The Trump administration is calling out cities and counties for their policies toward undocumented immigrants, and Washington state is well-represented on the list. 

Eleven Washington counties appear in a report the administration published Monday identifying jurisdictions that limit their cooperation with U.S. Immigration and Customs Enforcement, or ICE.

They have policies against honoring "detainer" requests by federal officials to hold someone in jail on suspected immigration violations. 

King County Council Chairman Joe McDermott called the list an "anti-democratic" attempt to pressure local governments to change their policies.

"It's actually trying to shame us," he said. 

President Donald Trump called for the report in a Jan. 25 executive order, saying the purpose was to "better inform the public regarding the public safety threats associated with sanctuary jurisdictions."

ICE officials plan to publish a report weekly. 

Acting ICE director Thomas Homan called detainer requests an important part of his agency's work.

“When law enforcement agencies fail to honor immigration detainers and release serious criminal offenders, it undermines ICE’s ability to protect the public safety and carry out its mission,” Homan said in a statement.

King County only honors detainer requests when immigration officials have a court order or in cases of people convicted of certain serious crimes. 

McDermott said ICE officials have never produced the paperwork necessary to meet the county's criteria for a detainer.  "In practice, we're honoring no ICE detainers," he said.

Snohomish County appears on a list of 10 "non-cooperating" governments that had the most detainer requests. The county received 12 requests during a one-week period covered by the report, according to ICE. 

That list is of limited value because immigration officials stopped requesting detainers in some, but not all, jurisdictions that do not comply. 

"If ICE truly felt that these offenders were a danger to society, they would establish probable cause and seek an arrest warrant, just like any other law enforcement agency," Snohomish County Sheriff Ty Trenary said in a statement.

"Since our policy to no longer honor detainer requests has been in place, ICE has produced zero warrants at our jail," said Trenary.

Snohomish County does not honor detainer requests without a judicial warrant or court order. Trenary said that policy is based on a 2014 federal court decision in Oregon.

"Not honoring ICE detainer requests has nothing to do with whether Snohomish County is a 'sanctuary' jurisdiction and has everything to do with following the letter of the law," he said.

Pierce County has the same policy, but was not listed anywhere in the report.

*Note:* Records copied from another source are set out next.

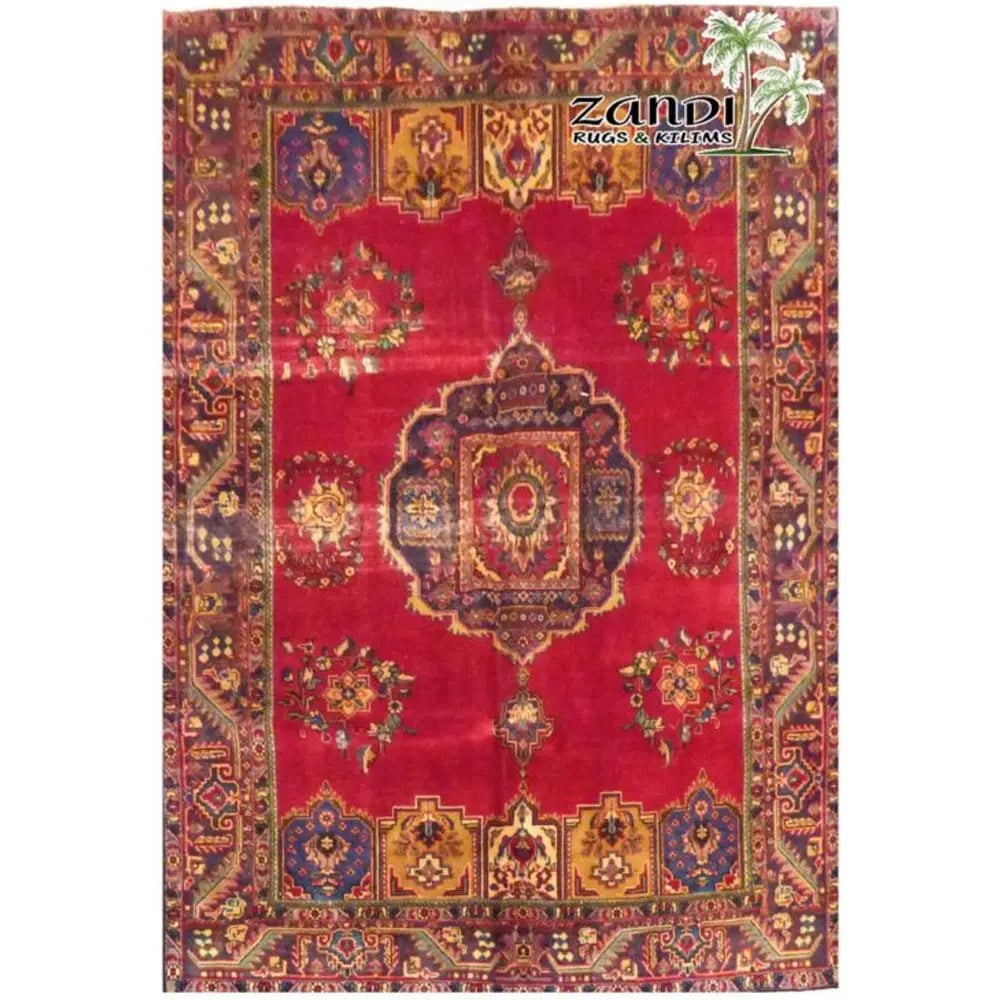 One Of The Kind Persian Tabriz Rug 8'10" x 6'5": ABC Rugs Kilims Collection Hand Knotted Tabriz Wool Persian Rug Size 8'10"X6'5" (Rr11224) Abcr039A Hand knotted and meticulously crafted by Persian artisans, this stunning Persian Hand Knotted Area Ru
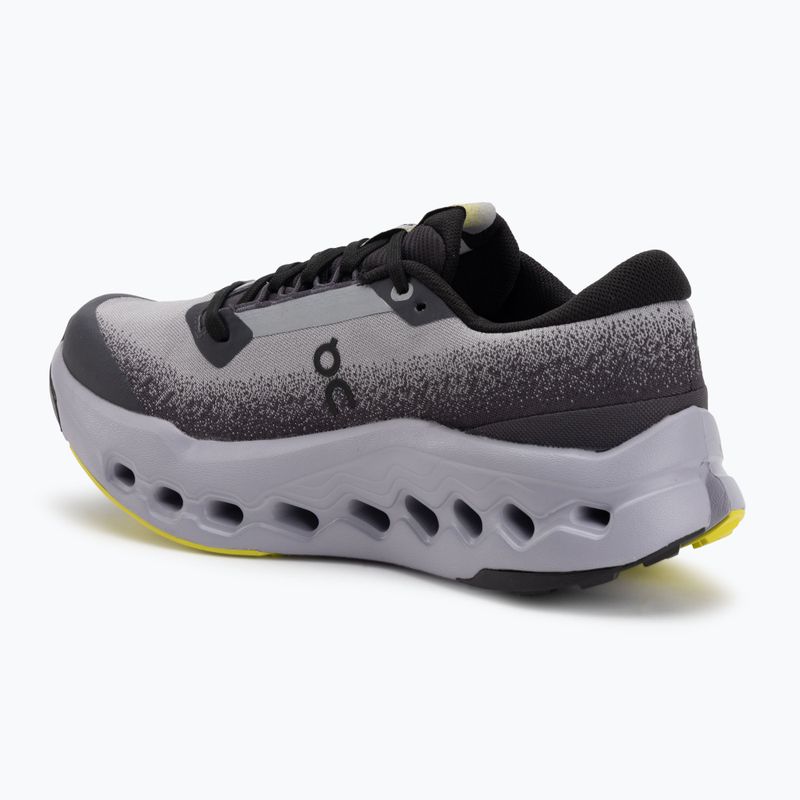 Scarpe da corsa da donna On Cloudsurfer Trail 2 Waterproof nero/lilla 3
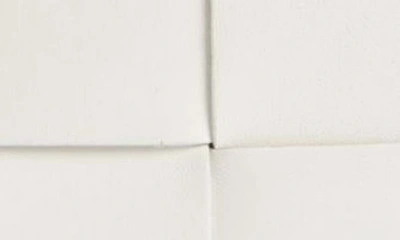 Bottega Veneta Brick Intrecciato Leather Shoulder Bag In 9009 White-gold
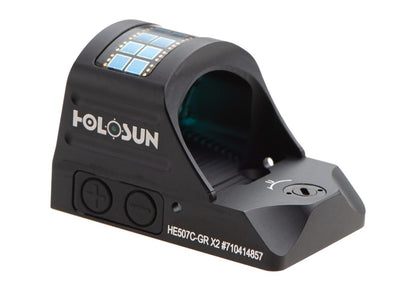 Holosun HE507C-GR X2 Elite Solar Green Circle Dot Sight Black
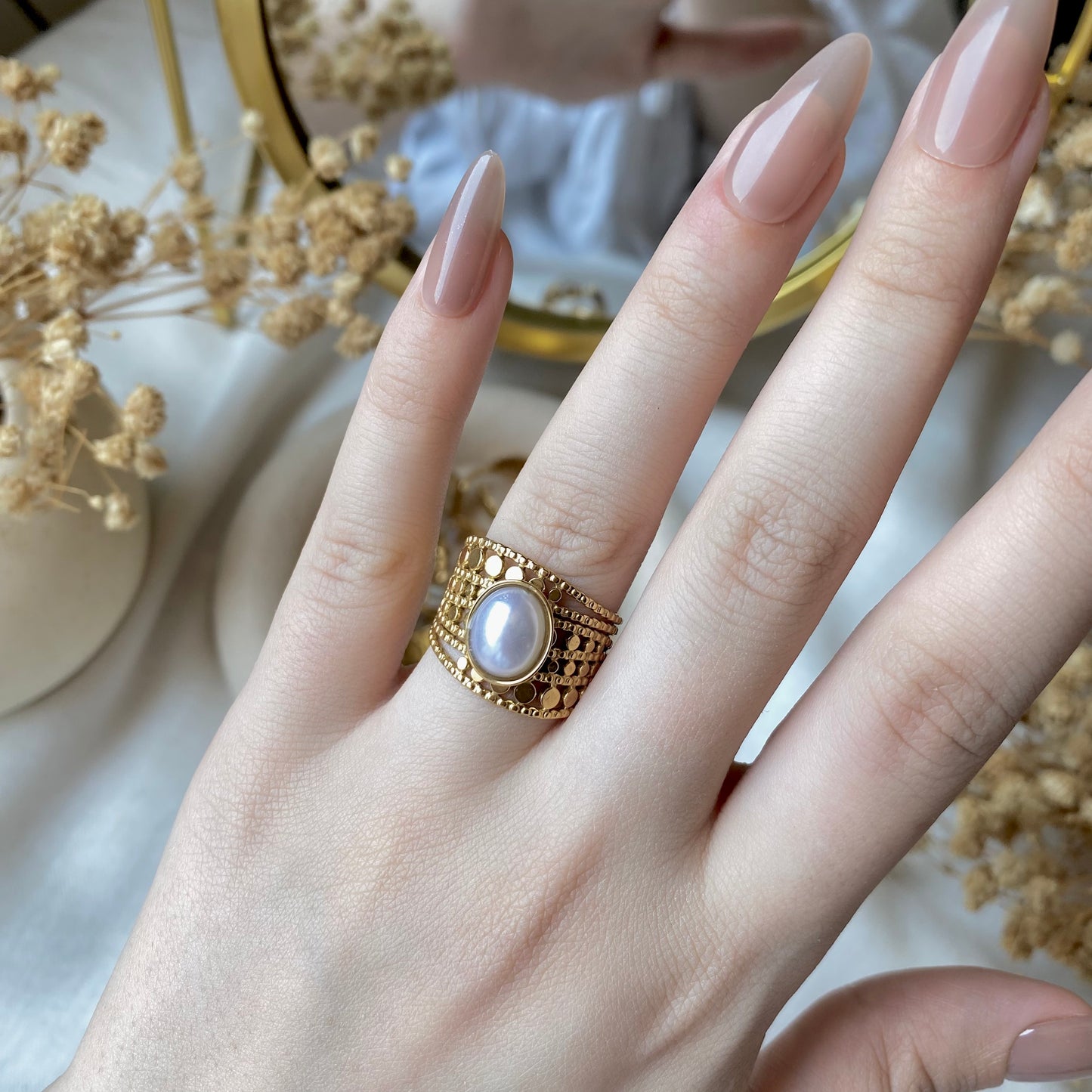 50538 Gold Plated Ring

ICE did not immediately respond to a request for comment.

An ICE official said there is "no known mechanism" for a federal judge to issue an arrest warrant in an immigration case, which is civil and not criminal. 

The report also highlights instances in which an undocumented immigrant was released from jail despite a detainer request, and lists the person's country of origin and a crime they are accused or convicted of.

The report identifies five such cases in Washington state during the week of Jan. 28 to Feb 3.